EXERCISE GOAL – Take the lines below from the one with "Sudoku 8x8 - Einfach" through the one with "70 2 https://t.co/WaXwdQnMjC" and retype them exactly. Include nothing else, and no pictures.

(TASK MATERIAL Opens)

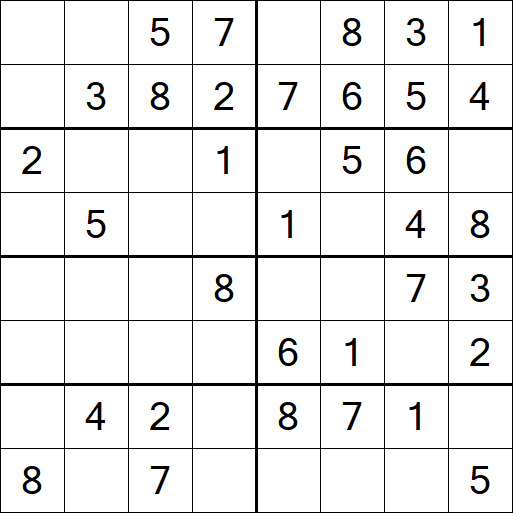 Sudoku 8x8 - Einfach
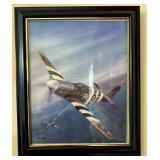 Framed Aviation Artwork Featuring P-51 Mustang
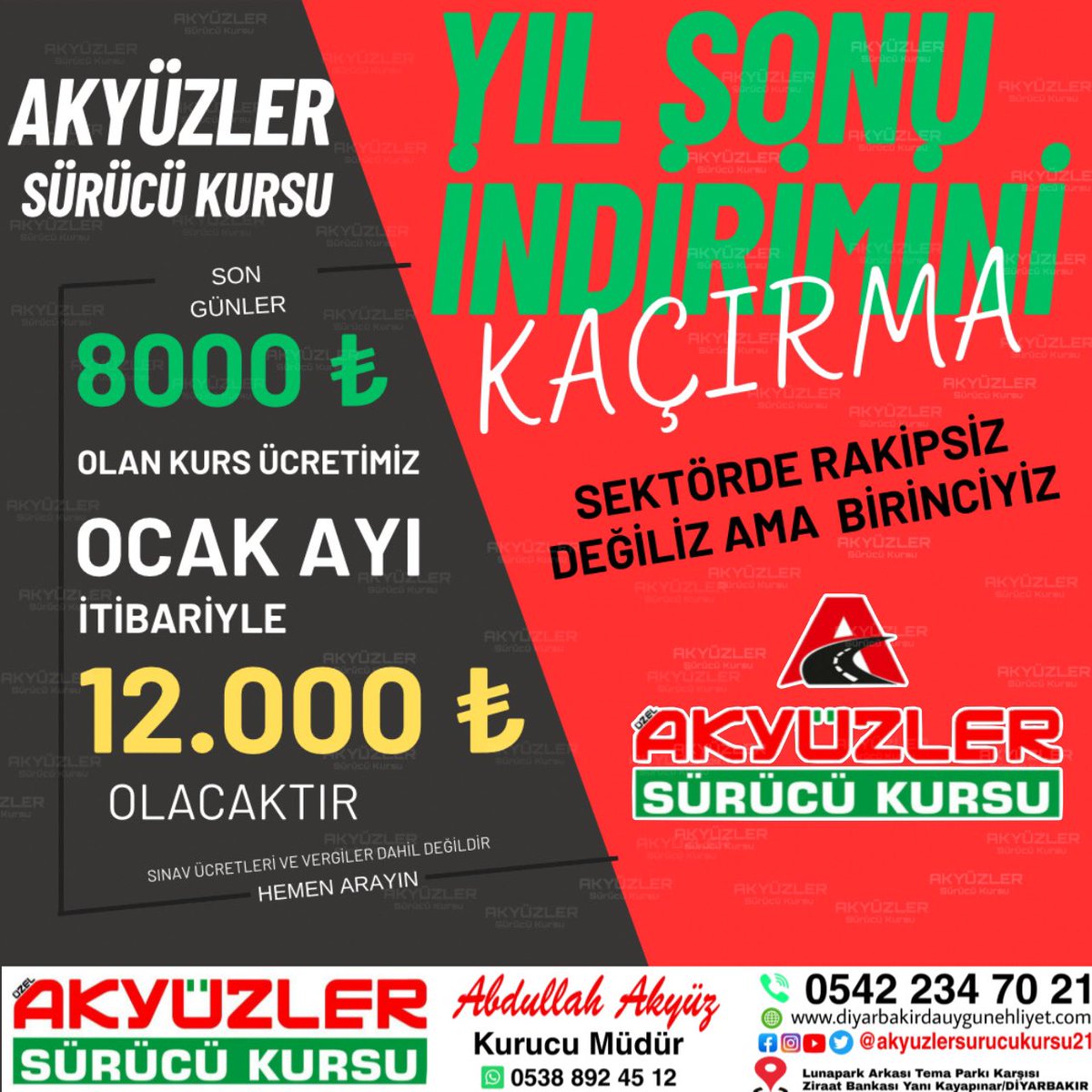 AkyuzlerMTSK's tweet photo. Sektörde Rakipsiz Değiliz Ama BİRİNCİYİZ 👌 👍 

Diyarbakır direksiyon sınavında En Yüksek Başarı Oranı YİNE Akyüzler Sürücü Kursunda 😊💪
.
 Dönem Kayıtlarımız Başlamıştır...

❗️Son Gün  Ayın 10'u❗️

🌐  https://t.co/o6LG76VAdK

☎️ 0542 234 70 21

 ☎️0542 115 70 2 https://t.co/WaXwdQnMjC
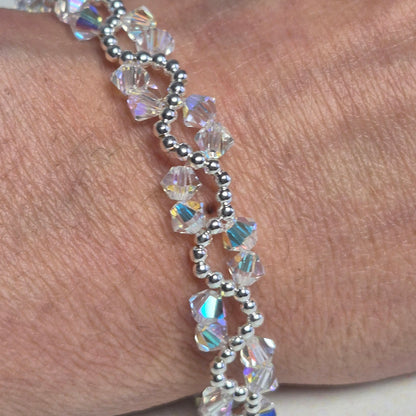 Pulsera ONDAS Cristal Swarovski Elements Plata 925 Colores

(TASK MATERIAL Closes)
(TASK MATERIAL Opens)

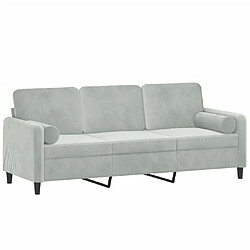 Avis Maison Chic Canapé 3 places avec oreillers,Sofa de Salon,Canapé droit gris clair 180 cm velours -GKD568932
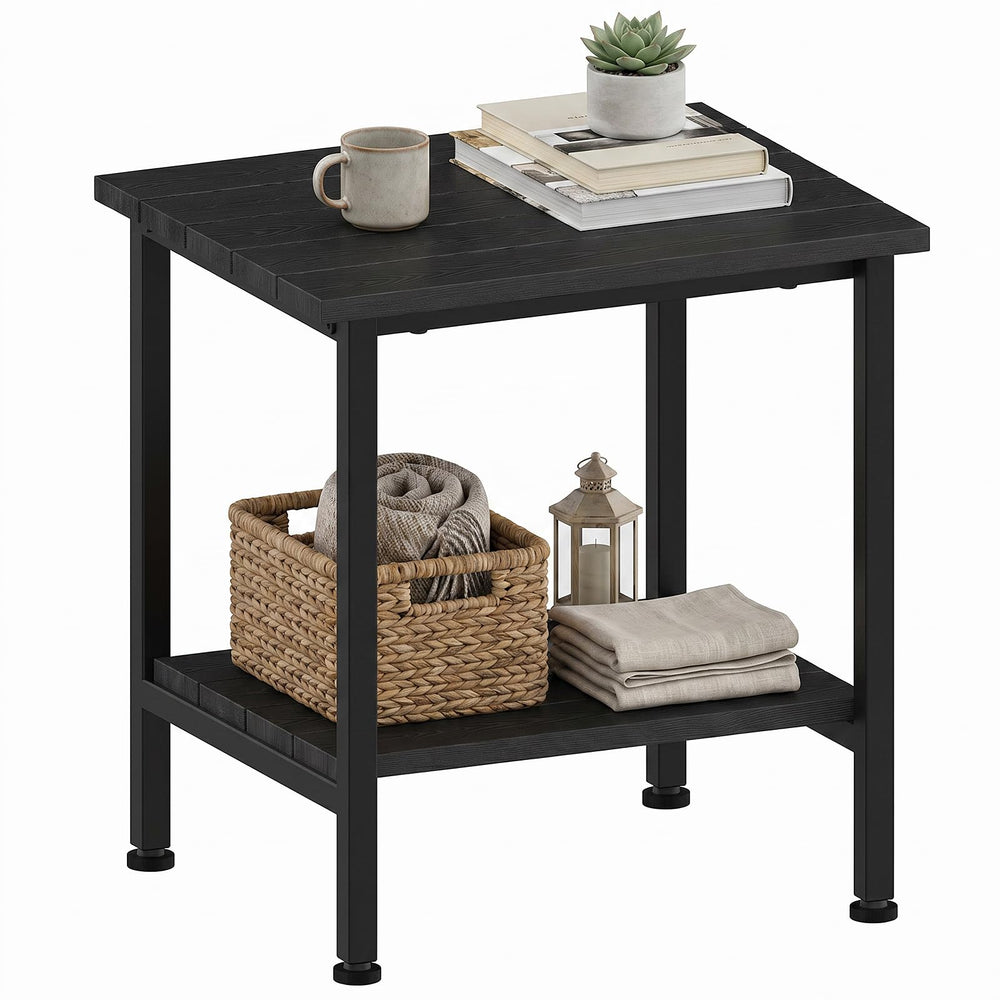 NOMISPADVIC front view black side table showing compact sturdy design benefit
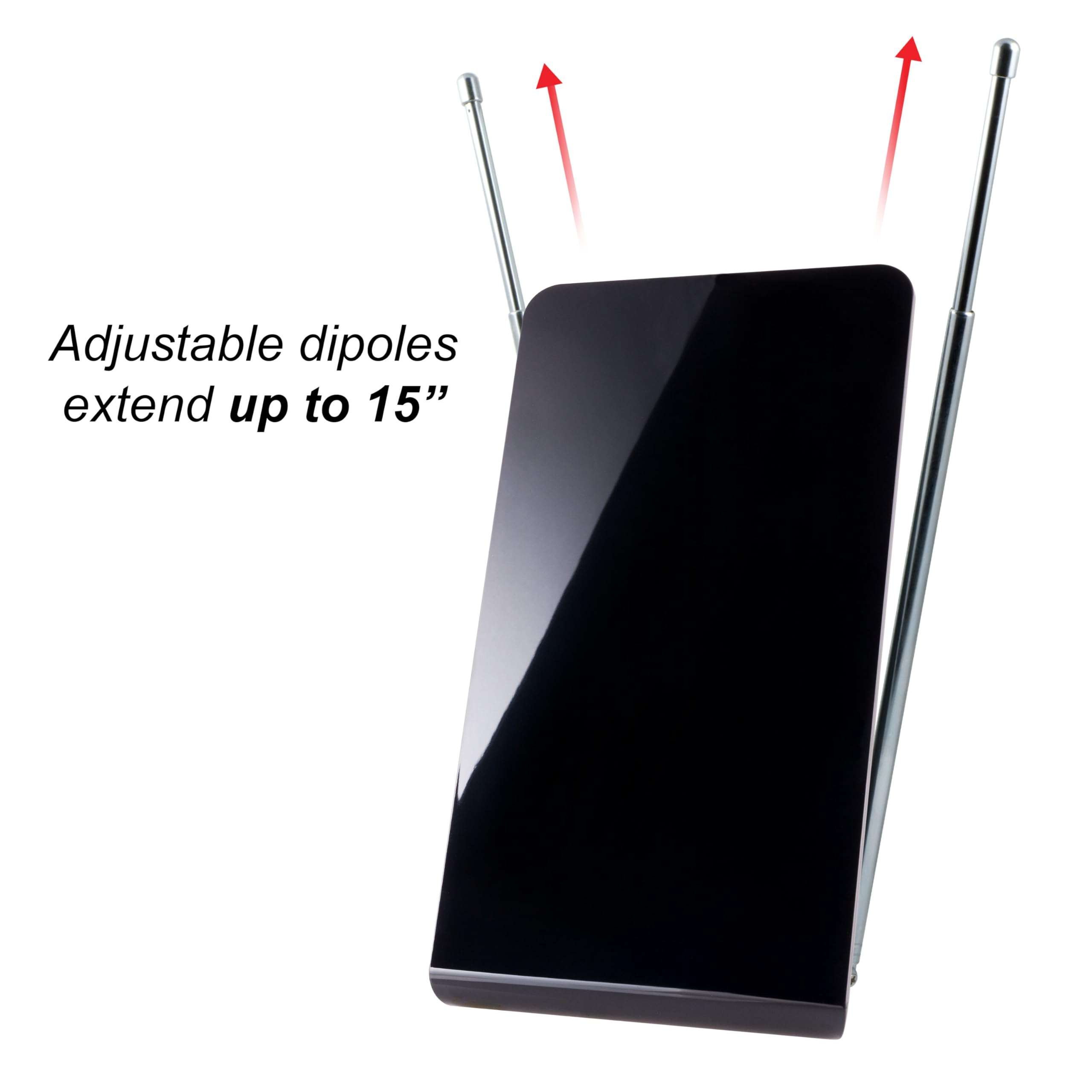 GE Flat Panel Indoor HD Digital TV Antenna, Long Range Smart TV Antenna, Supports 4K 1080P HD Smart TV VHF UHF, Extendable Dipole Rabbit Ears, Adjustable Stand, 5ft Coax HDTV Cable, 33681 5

(TASK MATERIAL Closes)

EXERCISE OUTPUT –
 Sudoku 8x8 - Einfach
 Framed Aviation Artwork Featuring P-51 Mustang
 AkyuzlerMTSK's tweet photo. Sektörde Rakipsiz Değiliz Ama BİRİNCİYİZ 👌 👍 

Diyarbakır direksiyon sınavında En Yüksek Başarı Oranı YİNE Akyüzler Sürücü Kursunda 😊💪
.
 Dönem Kayıtlarımız Başlamıştır...

❗️Son Gün  Ayın 10'u❗️

🌐  https://t.co/o6LG76VAdK

☎️ 0542 234 70 21

 ☎️0542 115 70 2 https://t.co/WaXwdQnMjC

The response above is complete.